We’re not using the technology in search of a solution, as Foley laments. We independently realized that our quest could use a new technology platform to solve problems that were previously unsolvable. I appreciate any skepticism, especially from people who are fellow travelers and share our mission to reverse climate change, but along with understanding the origins of blockchains with Bitcoin, there are a few key nuances to grasp when it comes understanding the future energy usage of cryptocurrencies and blockchains.
We discussed many of these nuances on a podcast that we recently recorded with Nori’s principal blockchain architect, Jaycen Horton.
Not all blockchains use proof of work
Just like discovering fire was our first way to make light, PoW is the first consensus algorithm for a blockchain to secure data. There will always be fire, but humankind will discover new and better ways of making light. In the world of blockchain, the quest will be driven by lower energy costs, more decentralization, and greater efficiency.
“Side chains” have emerged on the Bitcoin and Ethereum network using Proof of Authority (PoA).
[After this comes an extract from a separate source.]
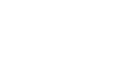 ERP API Integration Logo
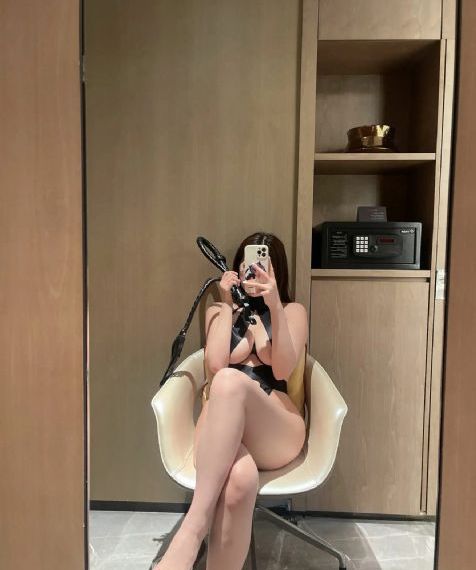 我们恋爱吧第二季_在线观看电视剧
This allows pre-selected nodes to run a chain, using about the equivalent energy of a light bulb, or 78 watts. When blockchains use PoA, they become permissioned, meaning that not just anyone can become a node. Hyperledger is a good example of a permissioned blockchain that uses PoA and has been advanced by companies like IBM. For specific instances where there is sensitive data between several parties involved that requires smart contracts, this is a viable option, but oftentimes, the same value provided by PoA could be provided by a simple database. It’s worth noting that PoA doesn’t provide the benefits of decentralization from public blockchains.
Proof of Stake (PoS) is the best current option for a public blockchain to dramatically reduce its energy usage. Ethereum, which consumes between a 25–50% of the energy Bitcoin does, is currently transitioning from PoW to PoS. PoS works by validators (a type of node) becoming virtual miners without consuming significant energy. The validators will have to lock up some of their coins as stake. After that, they will start validating the blocks. When they discover a block which they think can be added to the chain, they will validate it by placing a bet on it. If the block gets appended, then the randomly selected validators will get a reward proportionate to their bets. If they cheat, or collude, they lose their “bet.”
It’s also important to note that not all cryptocurrencies need to be mined nor need to use their own blockchain. In Nori’s case, we are pre-minting 500 million NORI tokens on the Ethereum network which will record NORI transactions and the retirement of Carbon Removal Certificates.
There are cheaper ways to store data on a blockchain
Energy is also consumed from storing data on the blockchain. If someone wants to transact directly on a blockchain, energy costs can rise quickly. State channels are one example where transaction costs can be kept low. Multiple transactions between parties can occur that are consolidated and recorded and then recorded onto a block. It’s sort of like closing up a bar tab at the end of a night — or week. This is embodied in lightning networks which can enable instant contracts and payments. When it’s time to close the tab, transactions are then added on to the block.
All in all, the value of storing trusted data and creating new incentive structures make the development of blockchain technology—and its use for pro-social or environmental outcomes—worthwhile. Imagine, for a moment, that there is a cryptocurrency that represents the amount that buyers are willing to pay to take carbon dioxide back out of the atmosphere. If you can remove carbon dioxide from the atmosphere, you could earn one of them. Wouldn’t that be a future you’d want to live in? That’s what we do, and that’s why we’re excited about the future of blockchain and the good it can do for the world.